Prof Oleg Grabar, one of the most prominent Islamic art historians and scholars of our time passed away in Princeton on 8th January 2011 at the age of 81. His spirit of critical inquiry and tireless efforts in challenging pre-conceived perspectives in Western thought about art and architecture in the Muslim world will be much missed by many at the Institute and beyond.
Over the course of six decades, his innovative and prolific output and teaching have touched the lives of many, besides being the motive force behind a surge in the number of historians specialising in Islamic art, particularly in the United States. Prof. Azim Nanji, former director of the IIS and currently Senior Associate Director of the Abbasi Program in Islamic Studies at Stanford University, reiterates this: “In addition to his writings, many of which are classics in the field, his most lasting legacy was the training and development of a generation of scholars. Each of them, as archaeologists, architects, museum directors and creators of new academic programmes in Muslim Arts, built on his teaching and scholarship to make the field what it is today.”

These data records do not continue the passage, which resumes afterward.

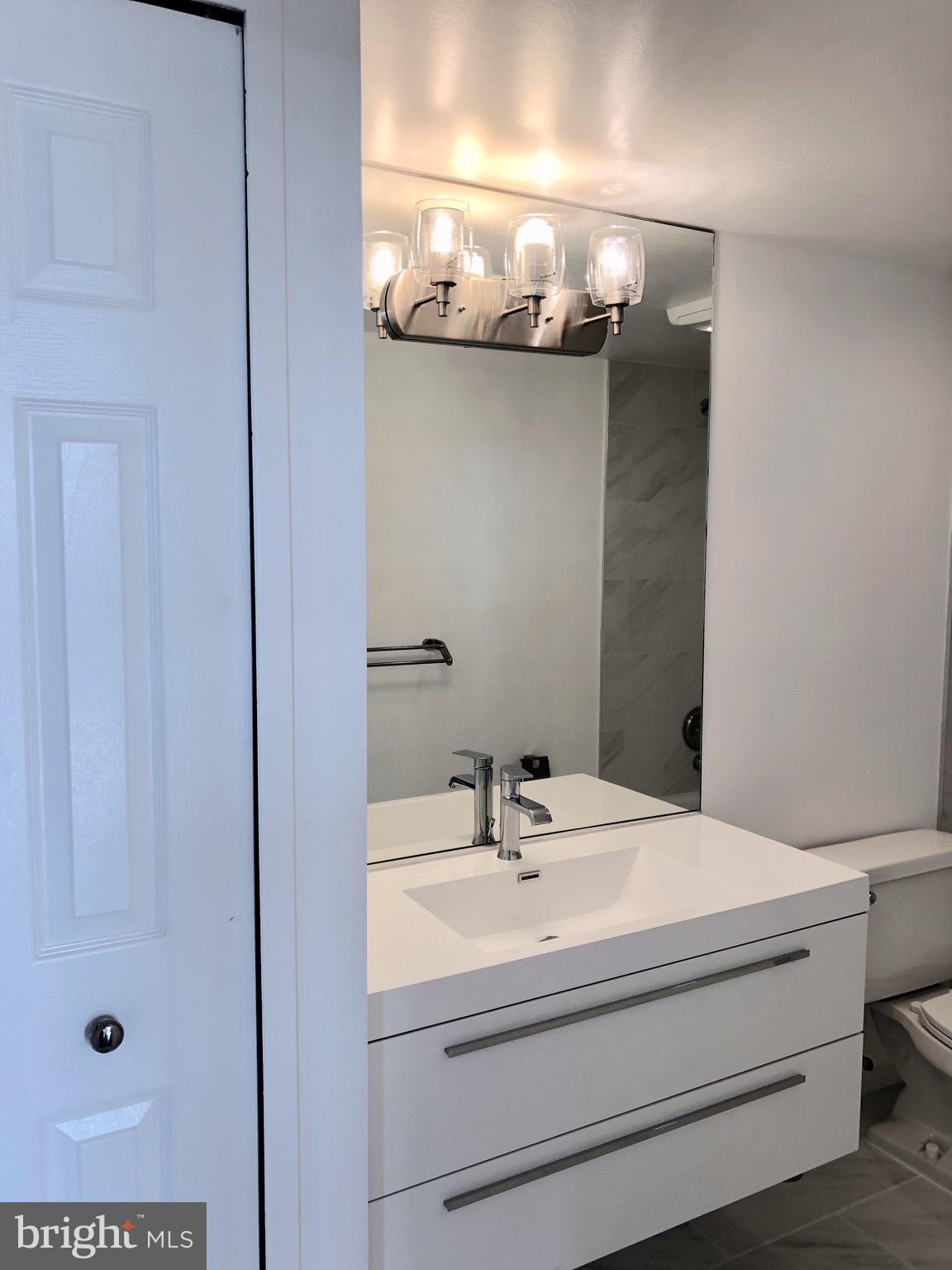 REGENCY AT MCLEAN - Residential Lease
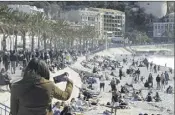  ??  ?? A Nice, où les plages sont en cours de réengraiss­age, la foule était au rendez-vous sur la Prom’ hier. Les restaurant­s de plage ouvrent tous déjà leurs portes.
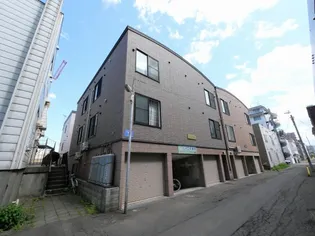 北海道札幌市中央区南四条西12【アパート】の外観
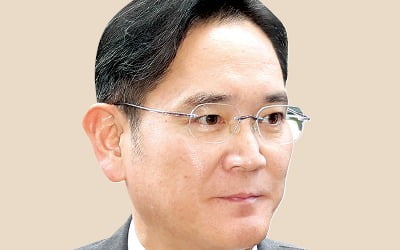 이재용 "사즉생 각오로 판 바꿔라"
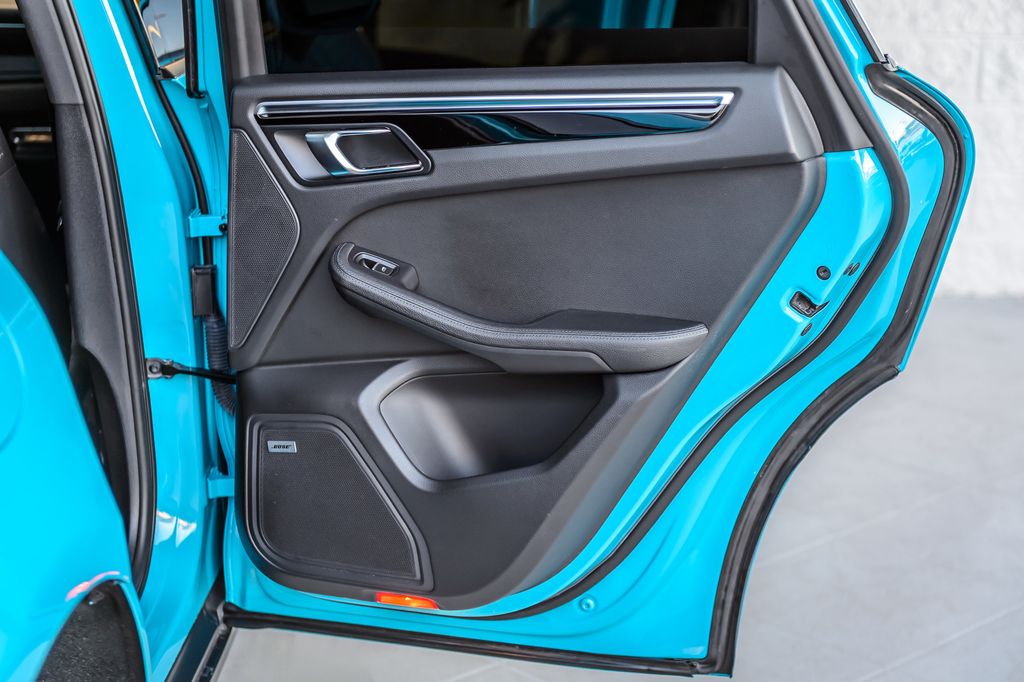 2021 Porsche Macan AWD - MIAMI BLUE - PANO ROOF - BACKUP CAM - BLUETOOTH - GORGEOUS - 22965782 - 50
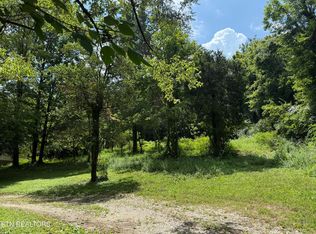 3700 McDonald Rd, Knoxville, TN 37914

Throughout his lifetime, he was part of myriad archaeological expeditions and research trips, across the Islamic world in Africa, the Middle East and Muslim Asia, continually documenting and devising new methods to illuminate aspects of art, history and culture of Muslim peoples. According to Prof. Nanji it is because of Grabar that, “the Arts and Architecture of the Muslim World are now part of the larger study of human civilisations and a lens that allows us to see Muslim cultures beyond a narrowly defined, theological and textually-centred field of study.”